Promenade sur le versant sauvage
(ou le second volet de l'hommage à Lou Reed après la critique du premier album du Velvet Underground :
http://www.senscritique.com/album/The_Velvet_Underground_Nico/critique/21312813 )
A un moment, pas très longtemps, l'ami américain a tendu l'oreille et son visage a marqué une surprise certaine - "Oh! my God ..." Il avait dû entendre la chanson quelques dizaines de fois, chez lui, du côté de Saint-Louis Missouri, sans jamais vraiment prêter attention aux mots. Comme des millions d'Américains, et peut-être même leurs censeurs professionnels, habituellement si vertueux. Mais à cet instant, peut-être à cause de la présence d'étrangers, à la fois séduits et totalement ignorants du texte, il s'était un peu plus intéressé au texte et aux étonnants jeux de mots, très étonnants ...

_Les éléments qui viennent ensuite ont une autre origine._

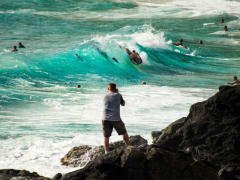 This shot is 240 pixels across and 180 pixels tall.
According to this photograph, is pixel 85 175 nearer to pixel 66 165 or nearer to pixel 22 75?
pixel 66 165

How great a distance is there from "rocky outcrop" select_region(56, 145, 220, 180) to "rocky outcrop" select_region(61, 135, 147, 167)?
3.00m

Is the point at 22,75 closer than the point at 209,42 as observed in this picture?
Yes

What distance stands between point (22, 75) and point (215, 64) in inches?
470

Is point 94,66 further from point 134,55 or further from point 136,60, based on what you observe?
point 134,55

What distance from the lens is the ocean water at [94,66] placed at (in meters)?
13.4

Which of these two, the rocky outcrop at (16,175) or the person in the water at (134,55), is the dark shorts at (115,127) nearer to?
the rocky outcrop at (16,175)

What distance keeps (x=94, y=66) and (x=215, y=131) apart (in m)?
19.8

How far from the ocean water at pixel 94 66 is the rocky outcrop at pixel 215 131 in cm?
239

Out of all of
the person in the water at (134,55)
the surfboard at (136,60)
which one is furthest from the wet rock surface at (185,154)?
the person in the water at (134,55)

Candy came from out on the Island
In the backroom she was everybody's darling
But she never lost her head
Even when she was given head ...
(Candy venait de Long Island / dans l'antichambre elle était à tout le monde / mais elle ne perdait jamais la tête / même quand elle ne savait plus où donner de la tête ...)
Et défilent les figures les plus pathétiques et les plus magnifiques de la Factory - telles qu'en elles-mêmes, telles que Lou Reed lui-même les avait déjà évoquées : "les choses les plus étonnantes, les plus drôles, les plus tristes ..." Dans le premier album du Velvet, une chanson, d'ailleurs assez peu connue, "Run, run, run", annonce très directement Walk on the wild side, avec son défilés de marginaux, en quête de doses, en quête de passes, "a hustle here, a hustle there", avec un presque copié/collé des mots à venir : ... take a walk down to Union Square.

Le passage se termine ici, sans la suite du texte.